By the end of this ep, Kohn has been escorted out of town. It makes sense; there's only so long a guy can pretend to be working for the government while he follows an ex-lover and pisses in the baby room of a lead suspect. I doubt he's gone for good, as there's too much potential in the character to let Jax and Tara off this easily. Kohn is a loathsome sonofabitch, but the show does a good job of making him sincere; his impassioned plea to Stahl and Hale to protect Tara from the Anarchy boys made a certain kind of sense, even if it was largely bullshit. Kohn hasn't tipped entirely into obvious psychopath, and that makes him more dangerous.

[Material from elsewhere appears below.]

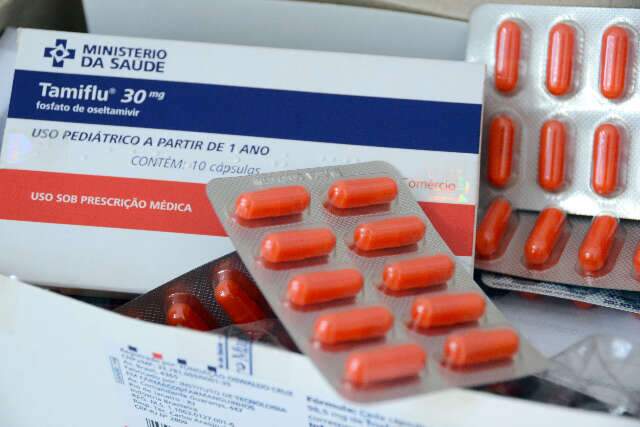 Com estoque de tamiflu no limite, Capital segue crit&eacute;rios para liberar medica&ccedil;&atilde;o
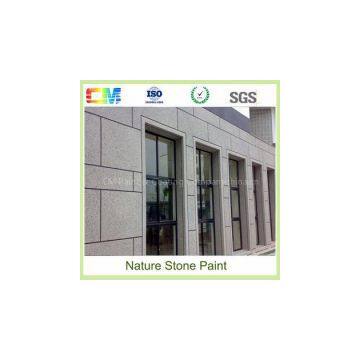 Chemical Climate Chemical Resistance Real Natural Stone Outdoor Wall Paint photo-2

As for the skeletons: there are three bodies, two of them Mayans, and one of them Lowell Harlan, Sr, Teller-Morrow's former mechanic and father of Lowell, Jr, ex-junkie and current engine fixing guy for the garage. Clay tries to hide dead Lowell from Jax, and when Jax finds out anyway, gives him a line about the Mayans moving in heavy and taking out anyone who was connected to the club. Jax seems to buy it, but Lowell, Jr, doesn't; after hearing the news, he goes back on the drugs. Clay tracks him down and tells him the truth, or at least part of it; Lowell, Sr. was a junkie, too, and he was killed by Sam Crow to keep him from spilling club secrets. For a moment, it looks like Lowell, Jr. is going to be following in his dad's buried-by-the-side-of-the-road footsteps, but Clay has a change of heart. It's a decent resolution with strong performances that nevertheless came off as a little shortchanged. The moment where Clay puts a pillow against Lowell, Jr.'s head to silence a shot was intense, but the relief when you find the guy whimpering in the back of Clay's van later on wasn't nearly as strong.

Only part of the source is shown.